A new twist in DNS-changing malware poisons other hosts on a local subnet, and installs a rogue DHCP server.
In a blog posting, JM Hipolito, technical communications spokesperson at Trend Micro, explained that once the malware was installed, "The system is turned into a DHCP server that monitors traffic and intercepts request packets from other computers in the network. It then replies to intercepted requests with packets containing malicious DNS servers. This causes the recipients of the malicious packets to be redirected to malicious sites without their consent."
Researchers at the SANS Internet Storm Center said that the technique does not have a 100 percent success rate.
In his blog posting, SANS Handler Bojan Zdrnja said, "While not too sophisticated, the whole attack is very interesting. First, it's about a race between the rogue DHCP server and the legitimate one. Second, once a machine has been poisoned it is impossible to detect how it actually got poisoned in the first place."

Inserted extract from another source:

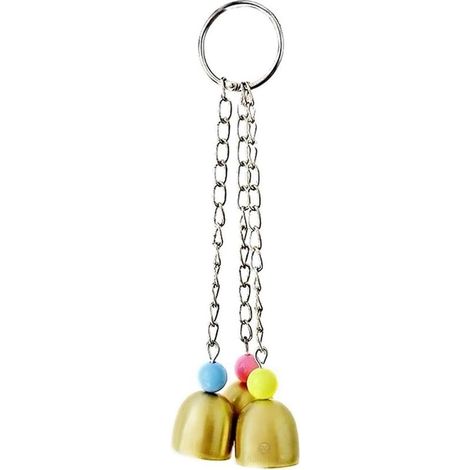 Jouet cloche pour perroquet, 20,3 cm, 3 cloches, 1 paquet pour oiseaux domestiques à fixer dans la cage (1/4)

Trend Micro Advanced Threats Researcher Feike Hacquebord claimed that as the malware works, advertisements placed in websites are replaced with other advertisements that connect to the IP addresses used by cybercriminals.
Also, once a user clicks one of these targeted ads and gets connected to the cybercriminals' crafted site, any personal information they enter into the site can be leaked to this scheme's perpetrator. Hacquebord claimed that the estimated number of victims by this kind of threat have reached more than a million for November alone.